Dopo un’approfondita analisi del provvedimento imposto e annunciato
dall’Amministrazione penitenziaria con grande enfasi, le Segreterie nazionali
delle organizzazioni sindacali OSAPP, SINAPPE, UGL, CISL e CGIL FP ritengono che
il provvedimento assunto determinerà un ulteriore grave peggioramento delle
condizioni lavorative e dei diritti contrattuali del personale appartenente a
qualsiasi ordine e grado del Corpo di Polizia Penitenziaria, e specificatamente di
quello impiegato presso gli istituti penitenziari del Paese.
La “nuova” dotazione organica, che contrariamente a quanto comunicato
dai vertici del Dipartimento dell’amministrazione penitenziaria non è frutto di un
“esame” e men che meno di un lavoro partecipato e condiviso con le
rappresentanze sindacali del personale circa gli oggettivi criteri di individuazione
delle necessità delle articolazioni centrali (benché strategiche per il
funzionamento dell’Amministrazione stessa), non tiene affatto conto delle nuove
strutture penitenziarie e dei servizi attivati dal 2001 ad oggi e si limita solo a
fotografare l’esistente ricalcando i numeri di quella precedente, dando per
assodato che le unità attualmente non presenti o mancanti da molte sedi
penitenziarie – ad oggi circa 8000 – non siano più necessarie.
Analogamente, l’attuale Amministrazione penitenziaria senza aver
proceduto ad una ricognizione dei posti di servizio delle carceri, ha
unilateralmente rideterminato il coefficiente di funzionalità su base regionale
mortificando, oltremodo, il sistema della partecipazione sindacale così violando
palesemente il sistema di regole e prerogative sindacali stabilite dai contratti
nazionali di comparto in vigore, anche in tema di organizzazione del lavoro.

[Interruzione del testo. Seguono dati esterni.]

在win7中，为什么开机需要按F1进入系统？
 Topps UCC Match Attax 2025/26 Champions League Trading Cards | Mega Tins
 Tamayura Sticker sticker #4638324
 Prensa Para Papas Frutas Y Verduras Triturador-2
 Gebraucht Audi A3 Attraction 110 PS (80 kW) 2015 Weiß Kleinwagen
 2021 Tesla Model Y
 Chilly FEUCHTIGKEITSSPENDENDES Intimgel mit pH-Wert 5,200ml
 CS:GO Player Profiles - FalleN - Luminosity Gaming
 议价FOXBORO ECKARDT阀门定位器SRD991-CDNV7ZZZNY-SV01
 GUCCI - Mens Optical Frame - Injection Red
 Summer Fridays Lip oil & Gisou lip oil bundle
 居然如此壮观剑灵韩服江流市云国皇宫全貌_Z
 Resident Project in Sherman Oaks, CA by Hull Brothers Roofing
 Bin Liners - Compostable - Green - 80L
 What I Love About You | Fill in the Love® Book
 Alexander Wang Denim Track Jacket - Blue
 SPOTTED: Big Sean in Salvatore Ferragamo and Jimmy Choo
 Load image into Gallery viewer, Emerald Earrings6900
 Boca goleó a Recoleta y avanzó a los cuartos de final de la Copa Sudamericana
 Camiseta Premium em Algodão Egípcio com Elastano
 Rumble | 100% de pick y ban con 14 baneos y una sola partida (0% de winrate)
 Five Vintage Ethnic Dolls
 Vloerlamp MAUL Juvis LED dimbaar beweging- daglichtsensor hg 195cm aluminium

Vieppiù in un momento di totale incertezza per le sorti e il futuro del Paese,
il ruolo della Polizia Penitenziaria viene di fatto ad essere unilateralmente
ridefinito senza tenere in alcuna considerazione gli attuali vincoli imposti dalla
normativa vigente per i compiti dei poliziotti e le responsabilità disciplinari e
penali a cui questi sono comunque soggetti, all’interno di un percorso di
rimodulazione delle tipologie dei circuiti penitenziari adottato con percorsi e
soluzioni che allo stato non possono essere condivise dalle scriventi OO.SS.,
poiché tra l’altro rischiano di compromettere le funzioni assegnate per Legge al
Corpo di Polizia Penitenziaria come, ad esempio, l’osservazione trattamentale
della persona detenuta.
Pertanto le scriventi rappresentanze, in ragione delle argomentazioni
suesposte, sostenendo la causa del personale del Corpo stanco di dover svolgere
inascoltato il proprio lavoro su più posti di servizio con turni di lavoro
gravosissimi e/o di effettuare il servizio di traduzione dei detenuti costantemente
sotto scorta, considerate anche le irresponsabili falle provocate nel sistema di
pagamento delle indennità accessorie (straordinari, missioni, avanzamenti di
qualifica) che ne pregiudicano i trattamenti, preannunciano fin d’ora l’avvio di
iniziative sindacali di lotta e si riservano di convocare quanto prima una
conferenza stampa per esplicitare le incongruenze di un piano complessivo di
intervento che si vuole imporre senza tener conto del sovraffollamento cronico
delle carceri e della predetta carenza d’organico, allo stato superiore alle 8000
unità, anche rispetto alla “fantasiosa” rideterminazione operata con il D.M. di cui
in premessa.
A prescindere dai diversi modelli custodiali paventati e/o imposti
dall’Amministrazione penitenziaria, il predetto D.M. rischia di compromettere
seriamente e in maniera inaccettabile la funzionalità e la sicurezza degli operatori
e delle carceri e, più in generale, quella della collettività.